Investors See 1970s Echoes as Inflation and Yields Rise

Investors and strategists say markets resemble the 1970s due to sustained inflation, rising interest rates, commodity strength and a 10-year Treasury yield above 4.5%.

Investors and strategists increasingly compare today’s market to the 1970s rather than the late 1990s, citing structurally higher inflation, rising interest rates, commodity leadership and a 10-year Treasury yield above 4.5 percent.

Inflation expectations are at their highest level in four years. Headline and producer-price measures have begun to accelerate again, and services inflation shows signs of persistence. An analysis comparing current inflation patterns with those of the 1970s indicates recent slowing in price growth could give way to repeated inflation cycles rather than a steady return to a 2 percent target.

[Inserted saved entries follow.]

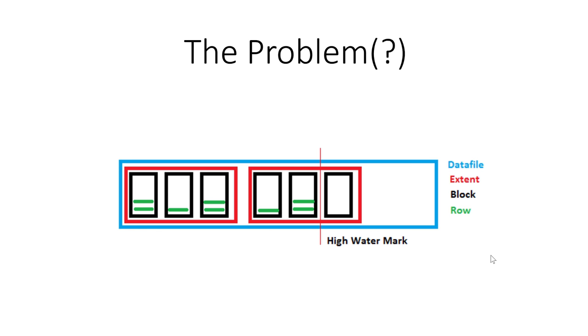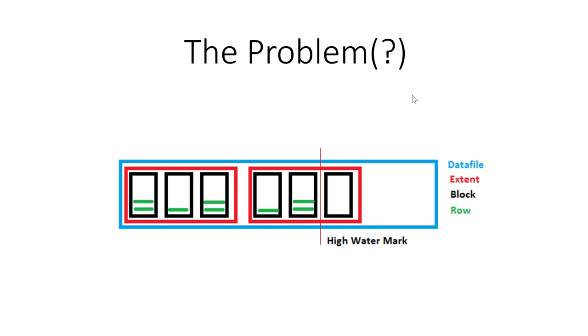I mean, it's not necessarily a problem though, because if you do inserts now after the delete, then this space gets reused. So maybe there is no reason to do anything about it. But if you know that after the deletes, no further inserts will be done and you need that space back, then you have a problem. So the question mark here stands for it is not necessarily anything wrong with that situation unless you are not going to do inserts again.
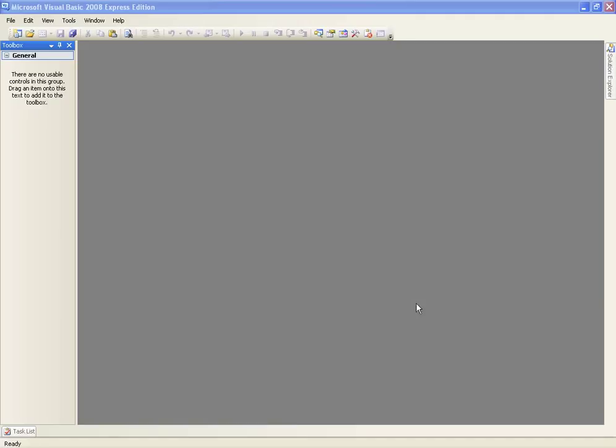Okay, hello and welcome to the third Microsoft Visual Basic 2008 programming tutorial. Here we're going to get into what is probably one of the most used parts of any programming language, which is a variable.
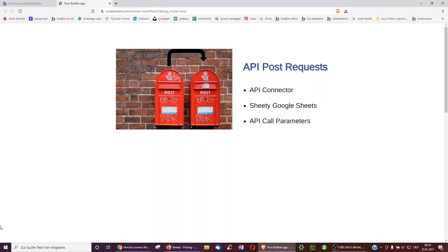Hello, this video is on API post requests. It will go over how to set up the API connector, how to use Sheety on Google Sheets, and which API call parameters to use.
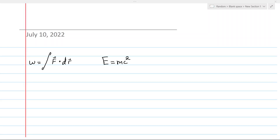In a previous video, I showed how you can derive kinetic energy starting with the definition of work and solving an integral.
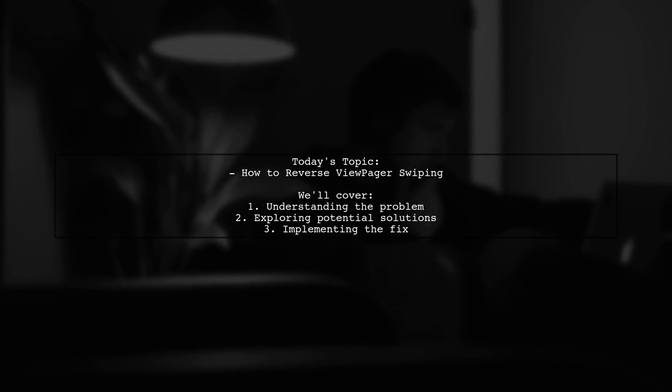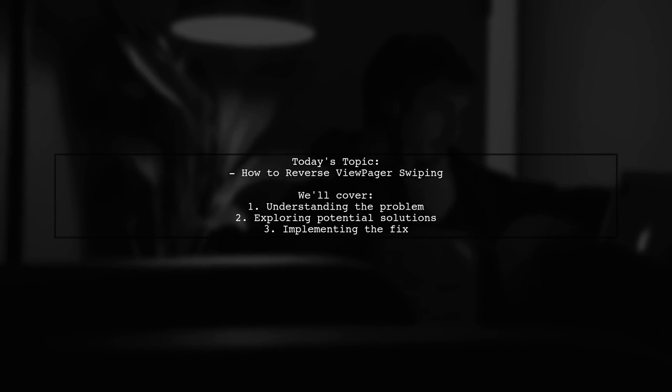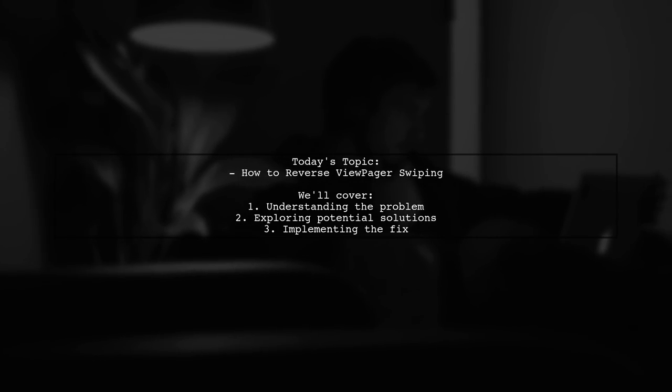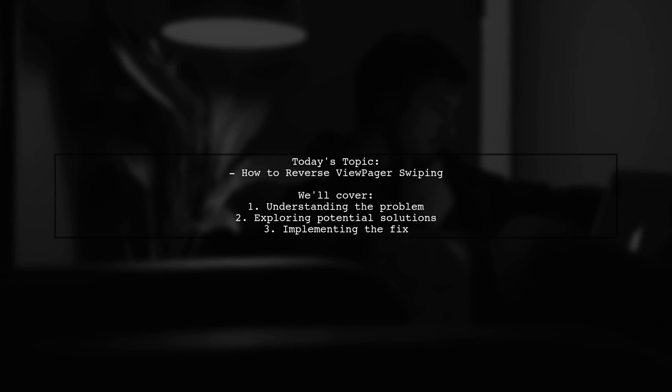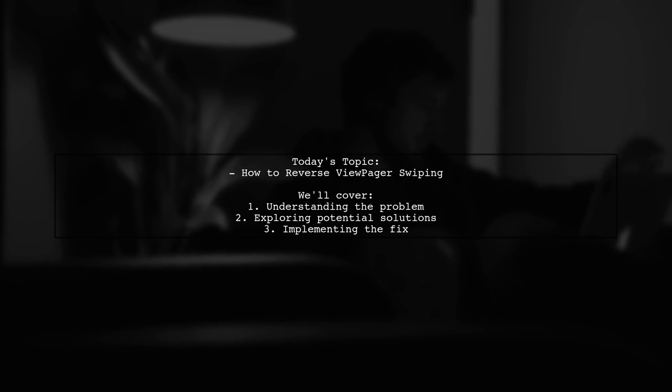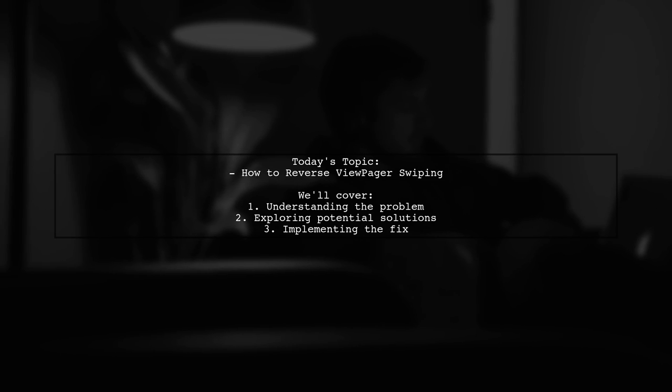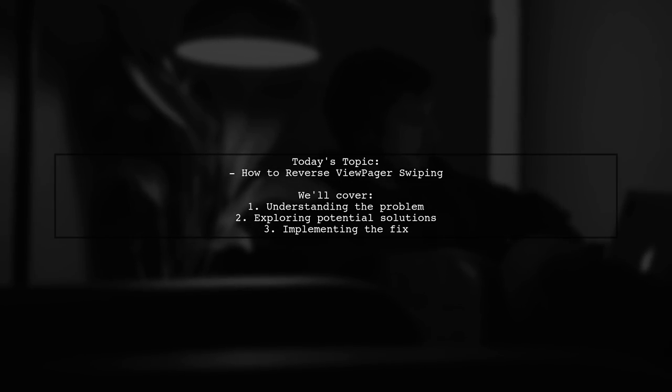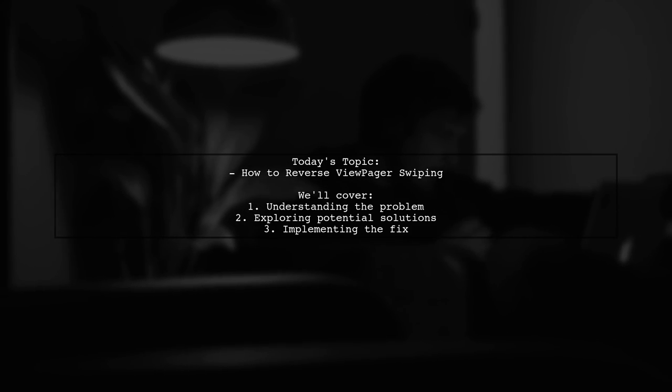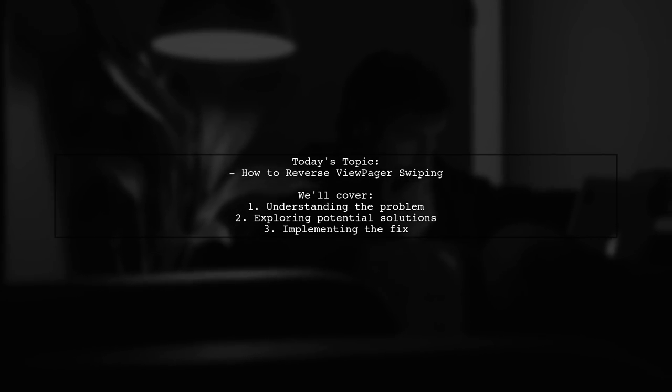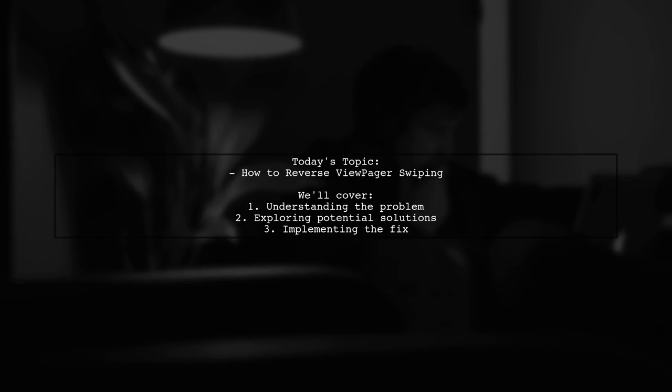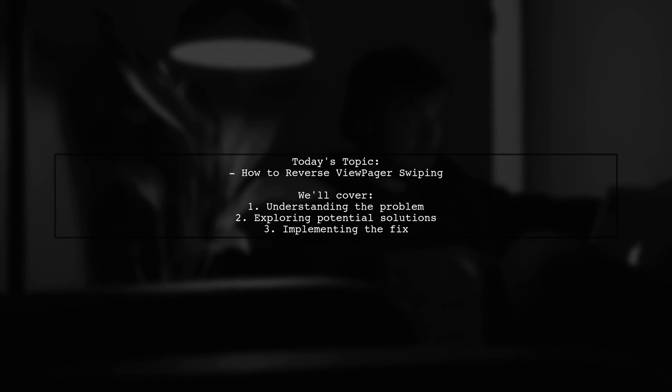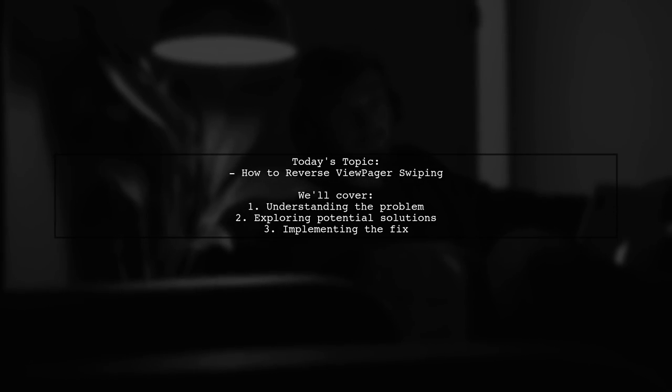Welcome to our tech tutorial. Today we're tackling a fascinating question from a developer working with a right-to-left layout in their app. They want to know how to reverse the swiping behavior of their ViewPager so that it aligns with the intuitive navigation of their tabs. Let's dive into the details of this challenge and explore how we can make swiping from left to right take the user to the next tab rather than the previous one.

Interest rates have risen alongside prices. The 10-year Treasury yield surpassing 4.5 percent has coincided with a negative correlation between equity returns and rising yields in recent months. Market-implied timelines for Federal Reserve rate cuts have moved later, extending the period that higher rates are priced into financial markets.

Beneath attention on artificial intelligence and a small group of large technology firms, commodities, natural resources and inflation-sensitive equities have outperformed the broader market over the past six years and have ranked among the best performers year-to-date. Analysts point to supply-side constraints and the real-asset characteristics of those holdings as factors that have supported returns.

Advisers recommend that investors reassess portfolio allocations if inflation proves structurally higher and rates remain elevated for an extended period. They advise reviewing exposure to inflation-sensitive sectors and revising return assumptions used in asset-allocation models. Under those conditions, leadership in markets could broaden to include energy, commodities, industrials, infrastructure and other real assets.

The comparison to the 1970s is offered as a framework for re-evaluating portfolio construction rather than a literal prediction that history will repeat exactly. Some strategists note that secular growth companies and beneficiaries of artificial intelligence can still perform in a higher-rate environment, and they urge investors to factor inflation risk and interest-rate sensitivity into capital-allocation decisions.

John Davi of Astoria Portfolio Advisors discussed sticky inflation and portfolio risk in a recent interview, saying the current cycle may require different asset mixes than those favored during the late-1990s technology boom.